*** Opening of Data excerpts ***

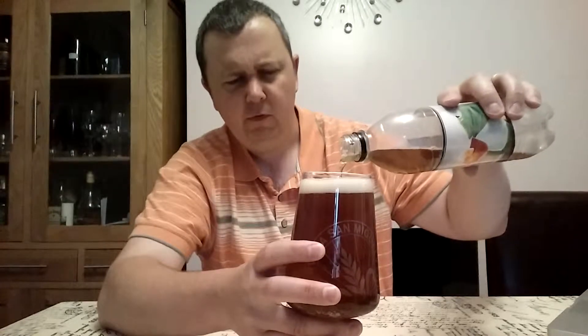Definitely carbonated. Some before have said it's not as carbonated as others, but it seems to be well carbonated enough for me.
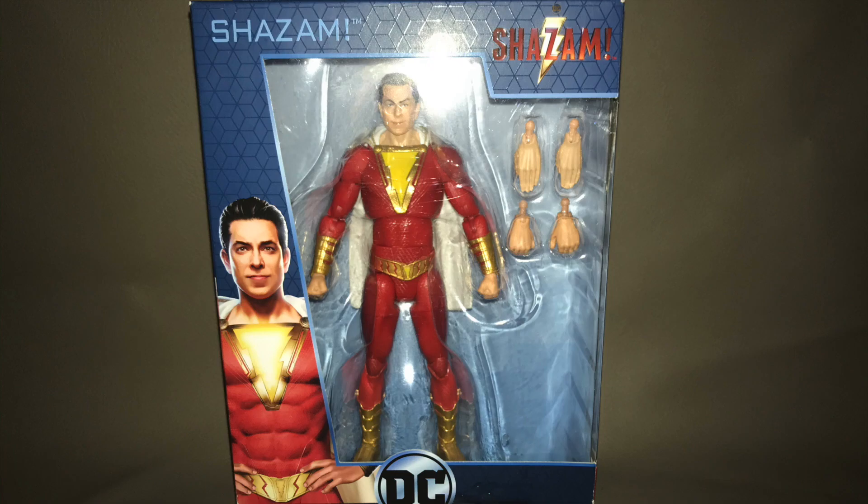Don't forget about your chance to win this Mattel's DC Multi vs Shazam action figure. All you have to do is share one of my videos — it does not matter which video you share — and leave a comment on the video that you have shared saying, 'Shazam I shared.'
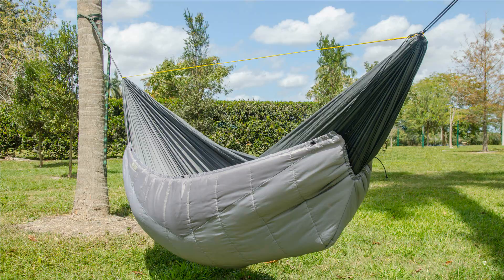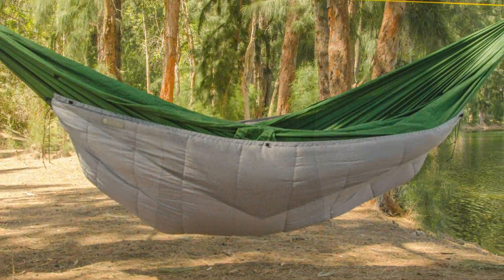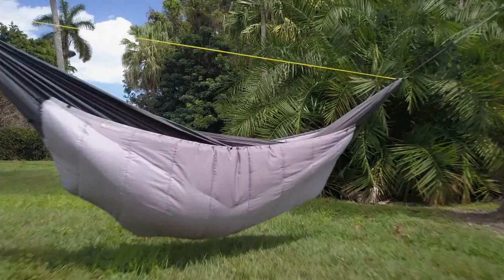To preserve the loft and insulating power of your quilt, it's important to remove it from the compression bag and to hang it up for storage. Storing it loosely in a laundry bag is another good option. Make sure the quilt is completely dry before storing it to prevent mold and mildew. Now get out there and enjoy your gear.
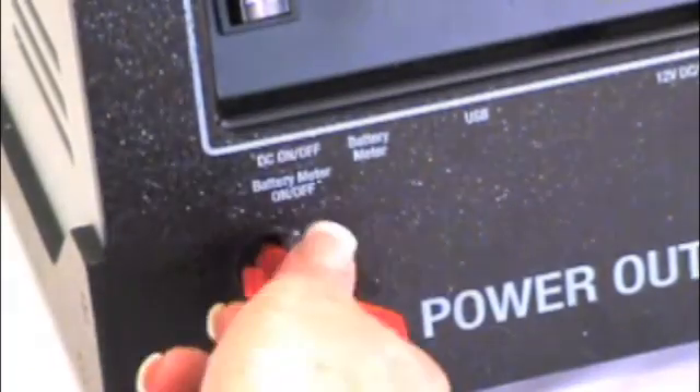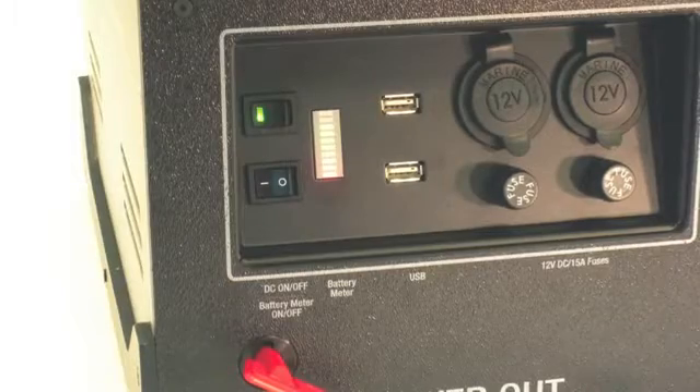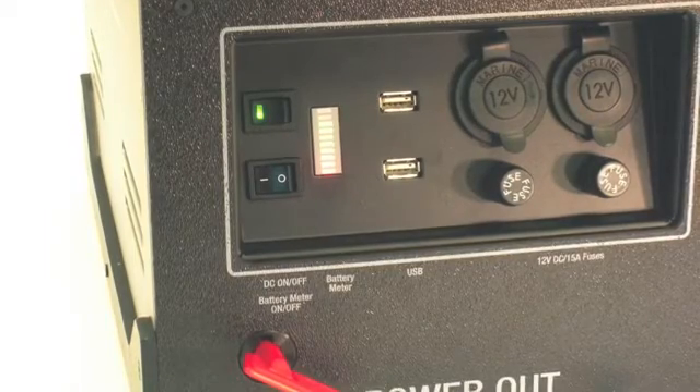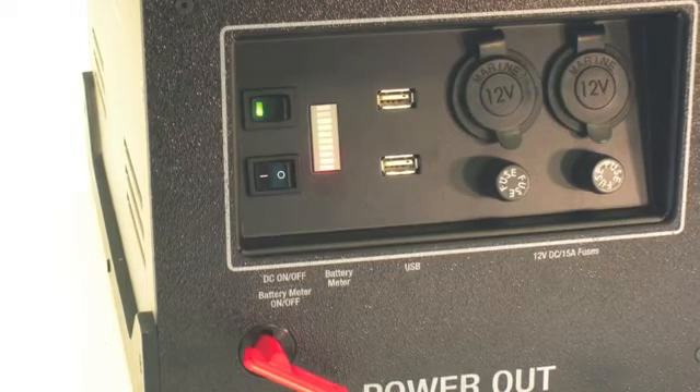To completely power down the unit, we include a main power key. This keeps stored power from draining during storage and protects your investment from power theft. In addition, it stabilizes the battery connection for safety and security during transportation.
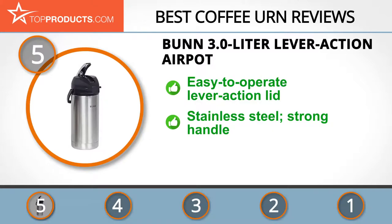By providing quality functional products, its 3.0 liter lever action air pot has a superb interior that keeps your coffee hot and tasty for hours, while its innovative lid makes brewing coffee a breeze. It's made of stainless steel built to serve you for years, with a strong handle that makes it easy to carry around.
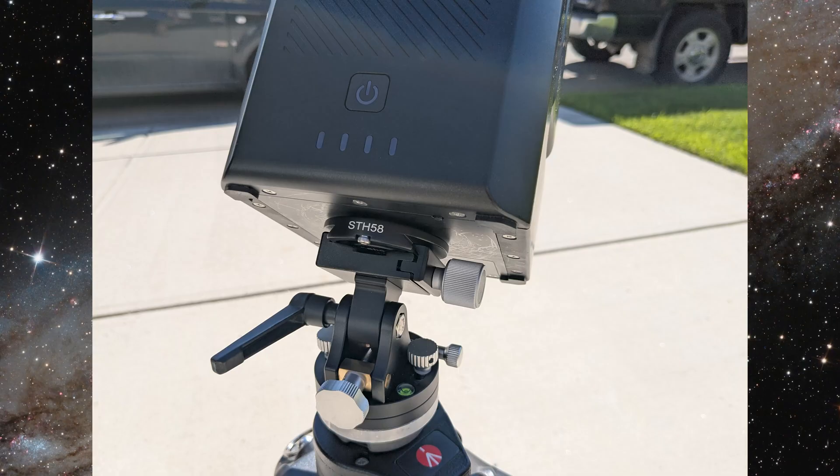This wedge with the 3/8 inch adapter works perfectly with both the S30 and the S50. As you can see in this image of the S50, there is plenty of clearance underneath for you to tighten your bolt, and you do not need a washer as you would with the Sky-Watcher wedge if you're using this wedge with the S50.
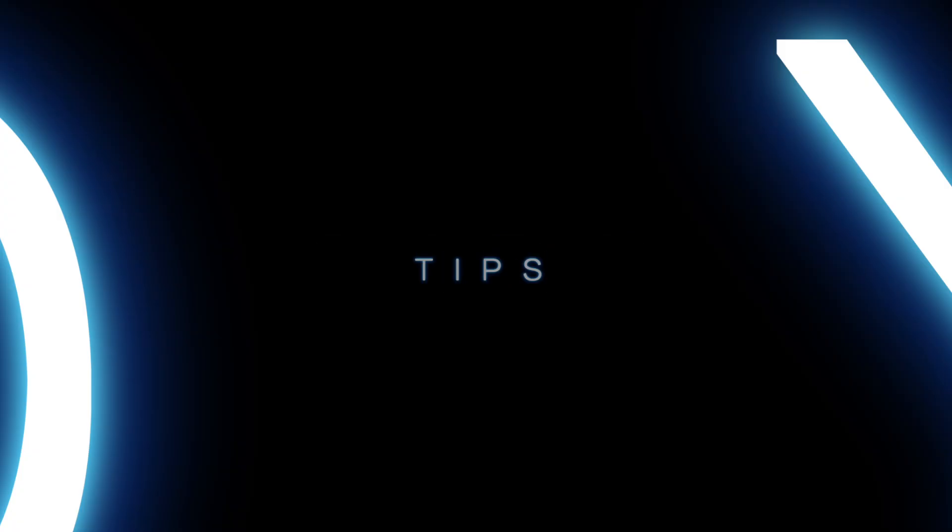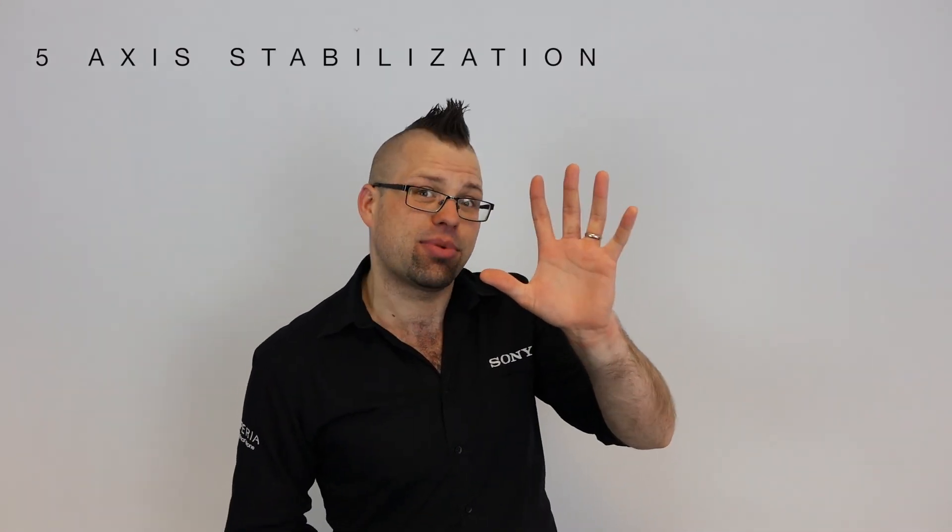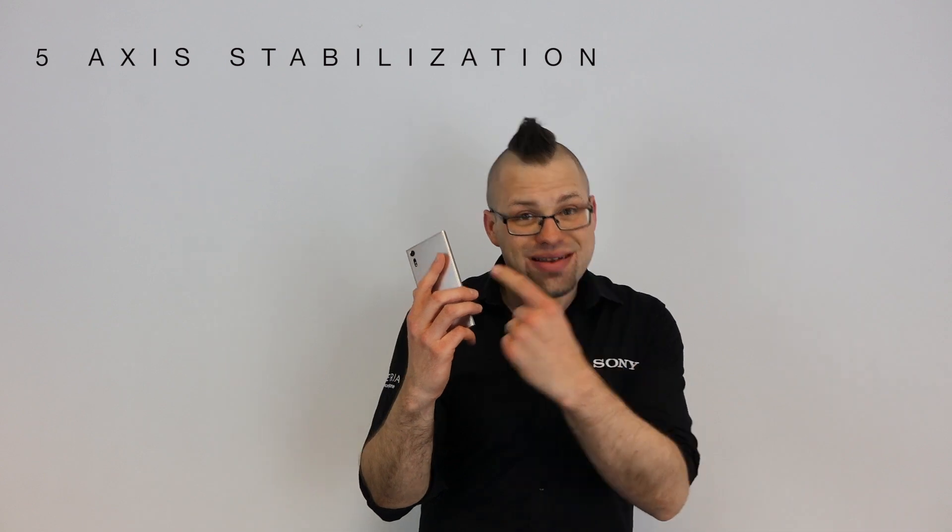Hi guys, welcome to Xperia Tips. I'm Dom and today we're going to be talking about SteadyShot. With the brand new Xperia XZ and X-Compact, Sony have done another world's first. They have put in 5-axis stabilisation in their already renowned SteadyShot technology in the rear-facing camera.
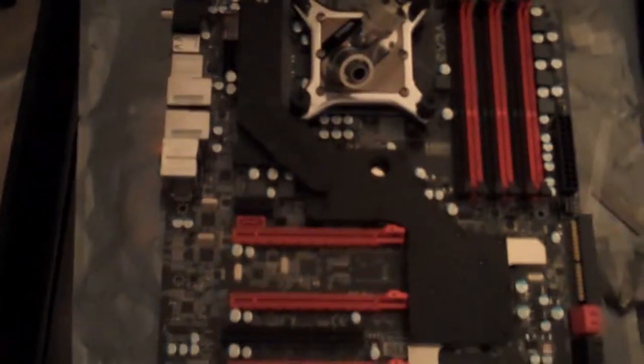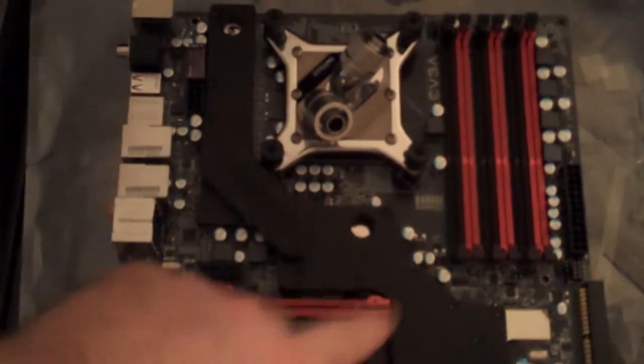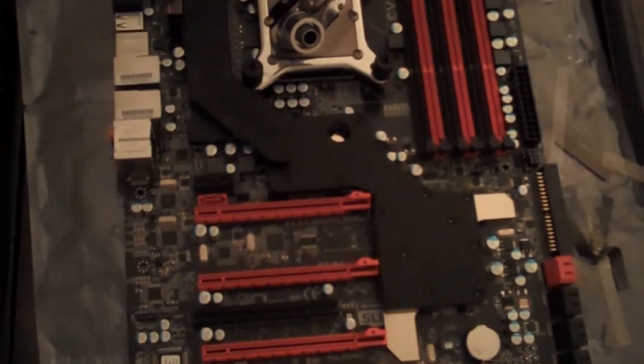The main thing now is getting ready to put the rest of the fittings on the chipset block and get the tubing connected there. I'll get another video once we get that completed.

*** Close of Data excerpts ***

→ **Task directions**
The reply should hold the lines from the top of the records through the line containing "Don't forget about", reproduced exactly, and no pictures.

→ **Result of the exercise**
Definitely carbonated. Some before have said it's not as carbonated as others, but it seems to be well carbonated enough for me.
Don't forget about your chance to win this Mattel's DC Multi vs Shazam action figure. All you have to do is share one of my videos — it does not matter which video you share — and leave a comment on the video that you have shared saying, 'Shazam I shared.'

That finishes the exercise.